WHAT YOU HAVE TO DO >>
Transcribe the entries that come next exactly, but not the pictures they contain.

━━━━━ DATA IN THIS EXERCISE

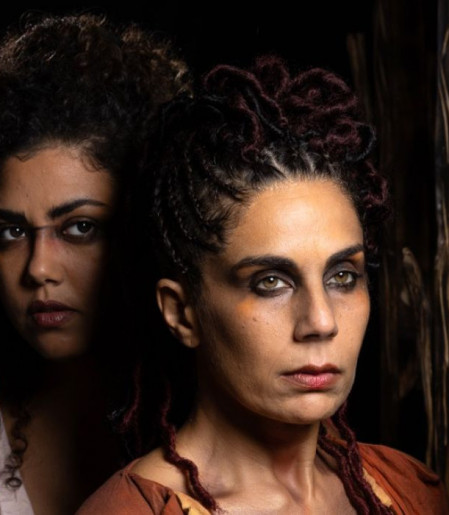 Peça de clássico grego discute violência de gênero e maternidade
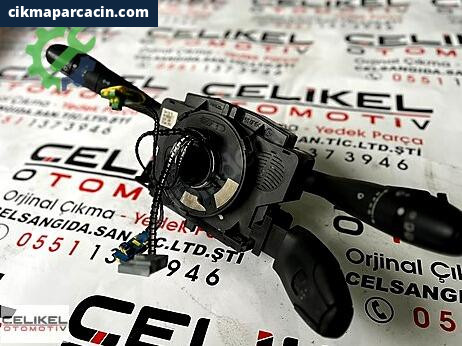 Peugeot 207 Silecek Kolu çıkma parça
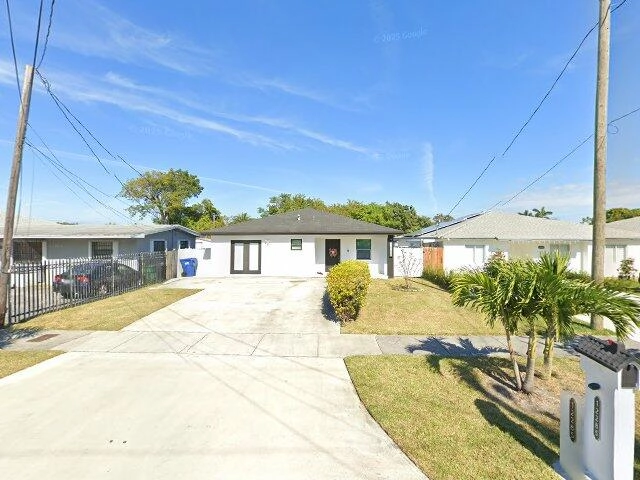 House image located at Miami, FL 33170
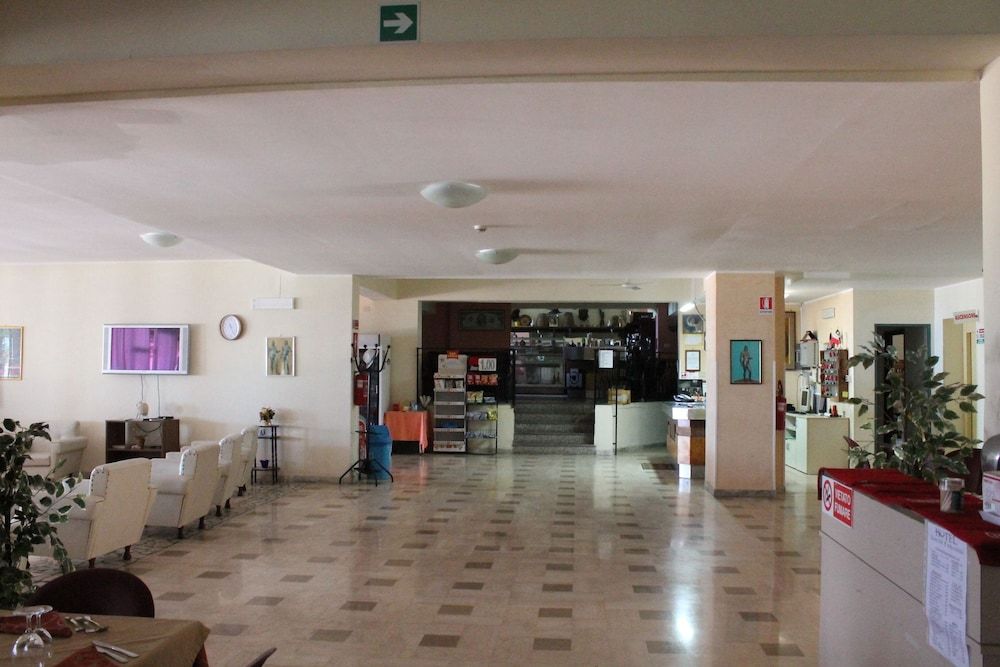Hotel South Paradise 2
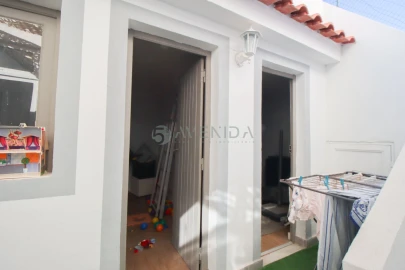Apartamento T1 para Venda em Baixa da Banheira e Vale da Amoreira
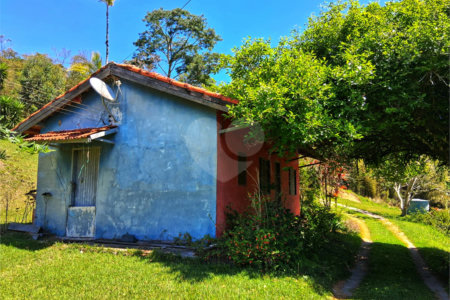 Sítio à venda com 3 quartos, sendo 1 suíte,  em Gabriel Piza, São Roque, SP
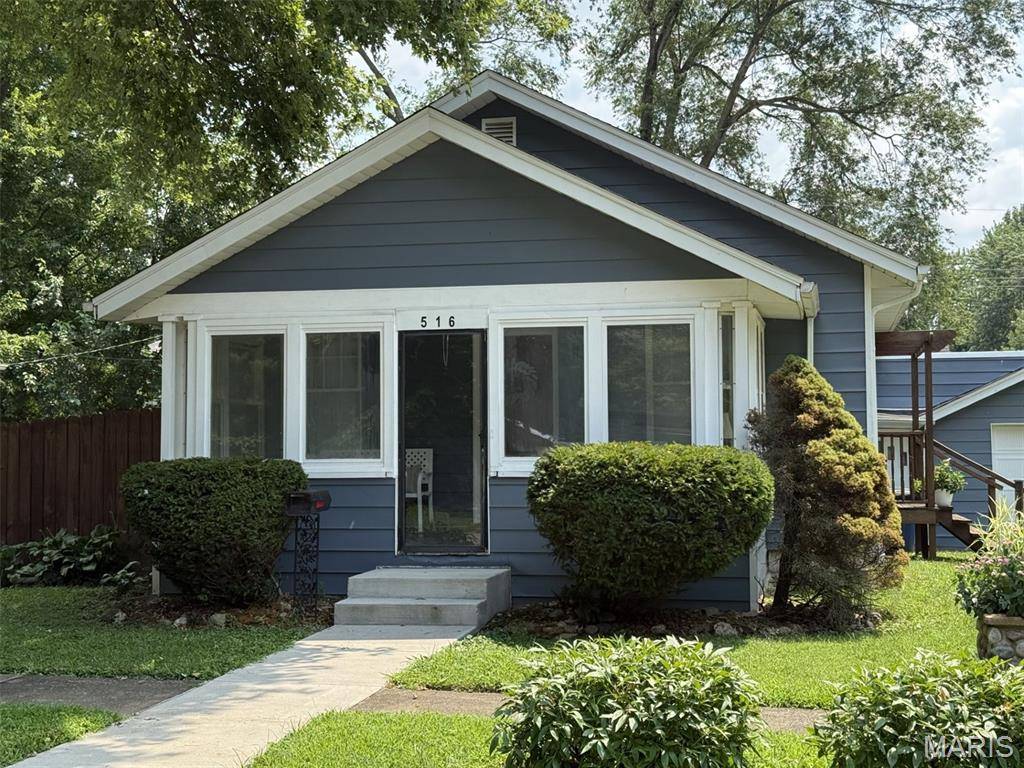 516 E South AVE, Greenville, IL 62246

━━━━━━━━━━

ANSWER SPACE >>
 Peça de clássico grego discute violência de gênero e maternidade
 Peugeot 207 Silecek Kolu çıkma parça
 House image located at Miami, FL 33170
Hotel South Paradise 2
Apartamento T1 para Venda em Baixa da Banheira e Vale da Amoreira
 Sítio à venda com 3 quartos, sendo 1 suíte,  em Gabriel Piza, São Roque, SP
 516 E South AVE, Greenville, IL 62246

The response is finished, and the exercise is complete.